By Jonathan Klotz | Updated

Every week, Gen V pushes the envelope a little further, which is impressive considering it’s a spin-off of The Boys, one of the goriest, bloodiest shows of all time. But what makes Episode 5, “Welcome to the Monster Club,” so impressive is that the most disturbing fight scene yet features zero blood. Instead, there’s confetti and lots of puppets.

I was really happy that everyone signed on to what on the surface sounds like a ridiculous idea, which is we’re going to shoot a fight sequence exactly as if it’s a visceral human action fight sequence, and the only differences is it’s also with puppets but treated exactly as if it’s a real fight sequence.

Gen V executive producer Michele Fazekas

Yes, “Welcome to the Monster Club” featured some major story beats as the plot is picking up, but all of that can be discussed later. For now, let’s break down this insane scene that could only be pulled off in the universe of The Boys. Starting 20 minutes into the fifth episode of Gen V, we catch up with Sam, on the run from Vought.

Sam, played by Asa Germann, has a currently unknown power set, about all we know is that he’s super strong, seemingly invincible, and hallucinates puppets while listening to voices in his head. The scene starts with a puppet version of Emma (Lizze Broadway) telling Sam how bad things are and “you said you were going to save me.” Interestingly, she appears as if a television program is coming into focus, which goes back to the first time Sam hallucinated puppets, in Gen V Episode 4, telling him to do bad things.

Seconds later, we see Sam as a puppet himself, and then the Vought guards descend, also appearing to us as puppets. When told to “freeze,” he strikes, immediately punching through a puppet’s head, then ripping off the arms of another before tearing the third one’s head clean off his body. The whole time, all the blood is replaced by shiny confetti, turning the gruesome massacre into an upbeat sequence punctuated by LVCRFT’s song, “Skeleton Sam.”

Gen V shows us how dangerous Sam really is in the next moment, when while holding a head by the spinal column, he’s shot, point-blank, by two guards with automatic weapons. Puppet Sam looks bemused but is somehow not harmed.

One of the guards charges Sam, who promptly rips off his arm, folds it in half, and jams it down the guard’s mouth. If anything could top The Boys sequence where dildos are used as weapons, it’s this moment in Gen V, which would be pure nightmare fuel if not shot with puppets. Another guard has his head ripped open, and his brains popped out, while a foolish attempt to swing in on a rope results in another guard being ripped in half.

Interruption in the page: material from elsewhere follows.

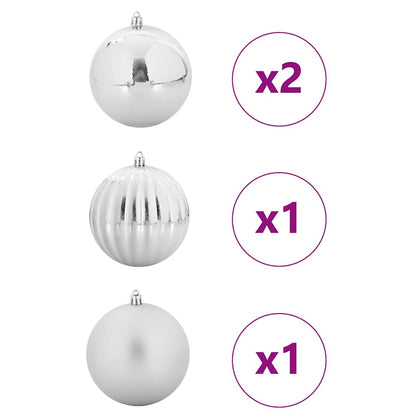 Christmas Bauble Set XXL 4 pcs Silver Plastic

The final guard is held up and starts begging for his life, saying, “I’m a single dad with two daughters, their names are,” before he’s also brutally murdered by Sam, covering his mouth and then ripping his head off. Again, Gen V’s choice to use puppets makes it darkly comic. Otherwise, it would just be disturbing, and it’s hard to see Sam as anything less than a major threat.

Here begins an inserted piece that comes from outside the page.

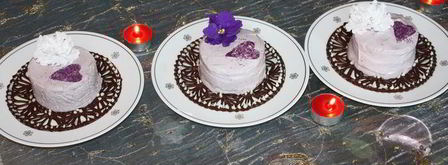 ванильное мороженое с чернично-фиалковым ароматом на шоколадном блюдце. Шаг 11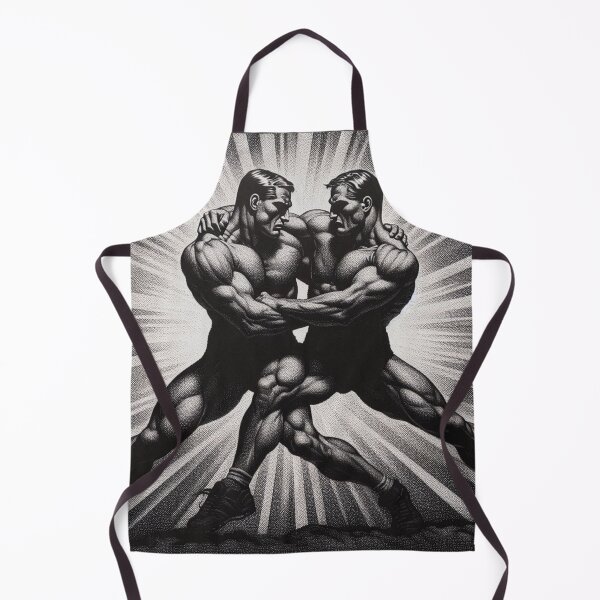 Item preview, 1950s Berlin Gay Wrestlers Tom of Finland Tribute Gay Pride Graphic Design designed and sold by ItsAKinkThing.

What the aftermath looks like

In an interview with Variety, executive producer Michele Fazekas reveals the set was custom-built to accommodate the puppeteers, all of whom wore green suits and were CGI’d out of the scene. Fazekas explained, “I was really happy that everyone signed on to what on the surface sounds like a ridiculous idea, which is we’re going to shoot a fight sequence exactly as if it’s a visceral human action fight sequence, and the only difference is it’s also with puppets but treated exactly as if it’s a real fight sequence.”

Any doubts that Gen V would be inferior to The Boys are long gone at this point, and now fans will start to wonder what the main series is going to do when it returns for Season 4. “Herogasm” now looks almost quaint compared to the insanity of Godolkin University.

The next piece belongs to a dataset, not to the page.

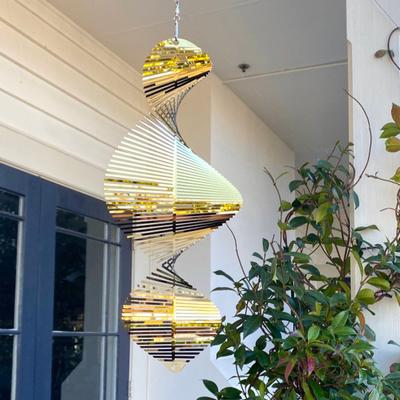 Adorno colgante de metal 3D con forma de espiral para colgar en la ventana, jardín, patio, interior y exterior, resistente a la intemperie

Gen V’s choice to use puppets makes it darkly comic.

For now, there’s going to be a lot of speculation as to the true nature of Sam’s powers and if his apparent schizo[hrenia is part of his power set. Black Noir in The Boys Season 3 was shown to take advice from cartoon animals, so Sam’s not the only supe suffering from delusions. The difference is Noir didn’t see other people, or himself, as cartoons the way Sam did with the puppets.

We’ll get answers later this season, but for now, the biggest question is what Gen V is doing to do to one-up the last two episodes as it starts working toward the finale.